Пламя. А вдалеке, будто сквозь некую длинную трубу, звуки аккордеона, вой сирены, треск фейерверка и смех. Лодки: тарахтящие моторные шлюпки, бесшумные небольшие парусники, ялики, все бортовые огни горят, зеленые огни на правом борту у лодок, выходящих из пролива, красные огни на левом борту у лодок, заходящих в пролив, и белые, более или менее яркие — у всех, лодочное столпотворение, как будто идет эвакуация или по крайней мере регата, в темноте, в мягкой темноте летней ночи. С пляжа по-прежнему тянет жареным мясом. Ты чувствуешь, что проголодался. Ты дрожишь от холода, после пьяного сна усталость и головная боль орудуют в твоем теле, будто злобный врач, ты все еще (к счастью, как тебе кажется) не протрезвел, а ведь твой костер еще не зажжен; самое время его зажечь, думаешь ты. Пока ты мочишься (теплые брызги отлетают от каменных плит и попадают на ноги), тебе приходит в голову одна вещь, она как-то раз приснилась тебе и кажется теперь единственно верной, так и надо поступить, думаешь ты, направляясь к открытой двери домика. Ты наугад выхватываешь бутылку из бара (уже не выбирая из многочисленных эксклюзивных марок) и отпиваешь, запрокинув голову, сколько получается проглотить за один раз, захлебываешься, выплевываешь половину (все-таки не рассчитал силы) и снова пьешь, как можно быстрее, задыхаясь, кашляя и давясь, пьешь до тех пор, пока в бутылке не остается половина, берешь с полки новую, отвинчиваешь крышку, идешь в спальню и размашисто, не скупясь, обливаешь алкоголем постельное белье, пропитываешь всю ткань спиртом, а потом чиркаешь толстой каминной спичкой.

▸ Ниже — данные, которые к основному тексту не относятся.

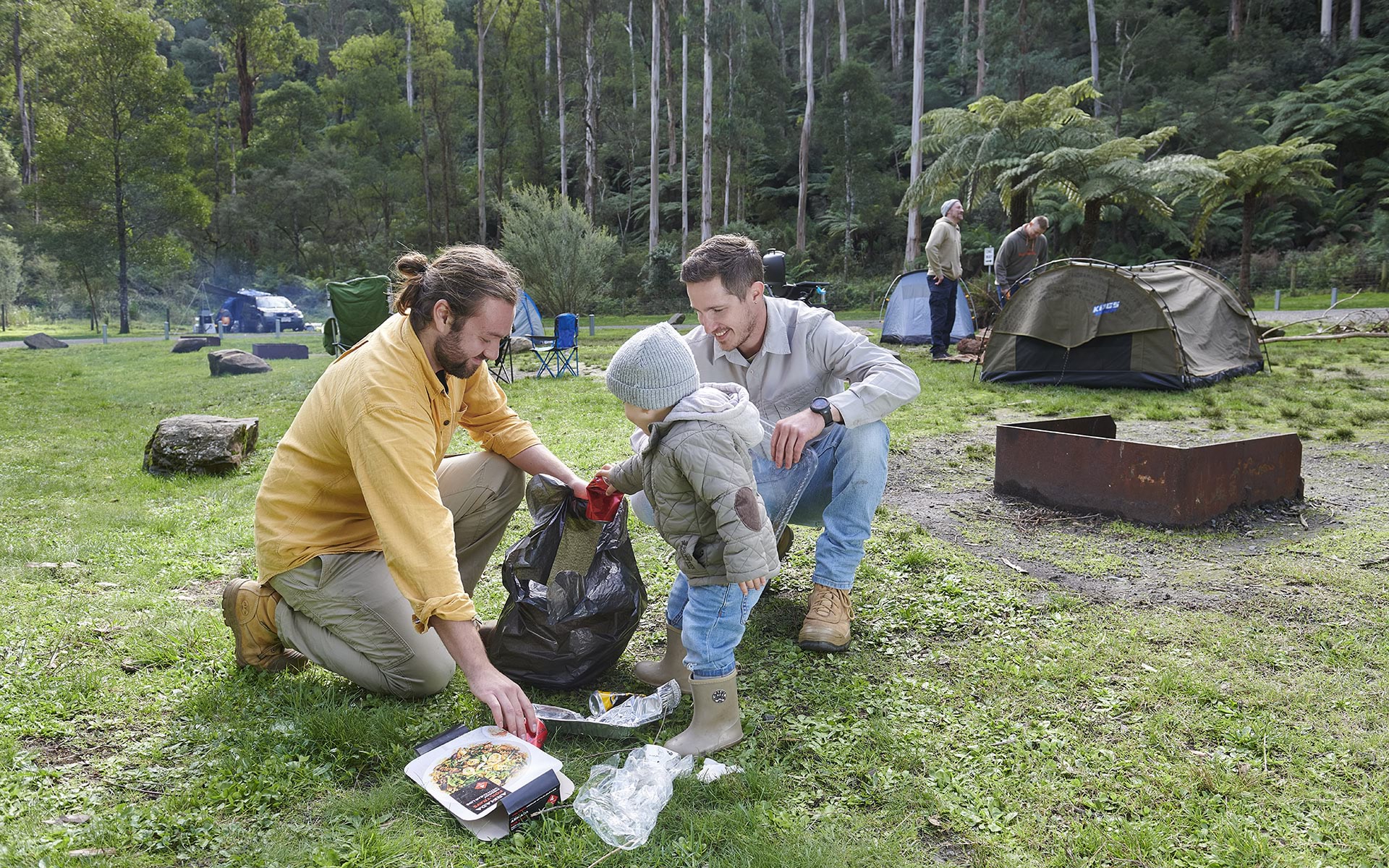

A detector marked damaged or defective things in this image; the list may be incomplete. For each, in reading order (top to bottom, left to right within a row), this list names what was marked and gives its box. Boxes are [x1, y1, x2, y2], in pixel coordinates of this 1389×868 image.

rusty metal fire pit [1000, 414, 1300, 524]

Внизу, на берегу, вовсю полыхает огромный костер, языки пламени на ветру, дующем с суши, клонятся в сторону моря, прямо сейчас, от этого зрелища мурашки бегут, ты голый, челку все время сдувает на глаза, ты снова вспоминаешь, что давно пора зажечь свой костер, но тебе холодно, хочется есть, и ты нетвердо, довольно медленно, почти инстинктивно бредешь к источнику тепла на пляже, на звуки аккордеона (после заключительного такта он смолк, и на некоторое время громкие разговоры и крики большой компании стали слышны отчетливее), а главное — на пламя костра, который может согреть твое тело, и запах жареного мяса, которое может утолить твой голод.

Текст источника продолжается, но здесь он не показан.